LEHRER: What were the report`s findings as to why young people, despite all of the publicity since 1964, are still beginning to smoke?
RICHMOND: I think this is one thing the report points to as a problem. And clearly there is a lot in our culture that encourages smoking, and certainly the advertising for tobacco is, I suppose, in no small measure responsible for the fact that there is a good deal of encouragement, particularly for young people, to start smoking.
LEHRER: In general, do you feel that the tobacco industry itself has conducted itself in a responsible way since 1964?

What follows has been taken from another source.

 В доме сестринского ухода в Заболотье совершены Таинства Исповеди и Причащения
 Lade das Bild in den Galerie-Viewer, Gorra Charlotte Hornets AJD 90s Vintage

RICHMOND: Well, I think they`ve done some things that are, I think, quite responsible. Following the `64 report they established a research program and, particularly, funded the Education and Research Foundation of the American Medical Association -- which, you may recall, last summer summarized its findings; and I might just parenthetically add that its findings are very much supportive of the kinds of findings that are in this report. And indeed, this report draws in no small measure on that report. So that I think that in that sense they are responsible. They have also funded other kinds of research. I think that some of the personal attacks on the Secretary, who has responsibilities as a public official -- he is the Secretary of Health, Education and Welfare -- I would regard as unfortunate.
LEHRER: All right; thank you, Doctor. On the other side of the debate is of course the tobacco industry, and that industry is represented here tonight by Walker Merryman of the Tobacco Institute, which is the industry`s trade association. Mr. Merryman, first, you heard what Dr. Richmond said, that your industry`s attacks on Secretary Califano are unfortunate. The reports in the press conference yesterday really did get personal, accused him of being a self-righteous zealot and all kinds of things like that. Do you feel that what Dr. Richmond has come up with today is the result of a personal vendetta of some kind launched by Secretary Califano?
WALKER MERRYMAN: Well, I think it`s clear over the past twelve months and more what the Secretary`s own personal view of the tobacco industry -- calling us sinister -- and smoking, is. I don`t think it was particularly out of character for us to regard those as attacks, so I think that in a sense this whole issue has been drawn down to a political rather than a scientific level, and I have to regret that, because only in a scientific forum are we going to solve the controversies that remain.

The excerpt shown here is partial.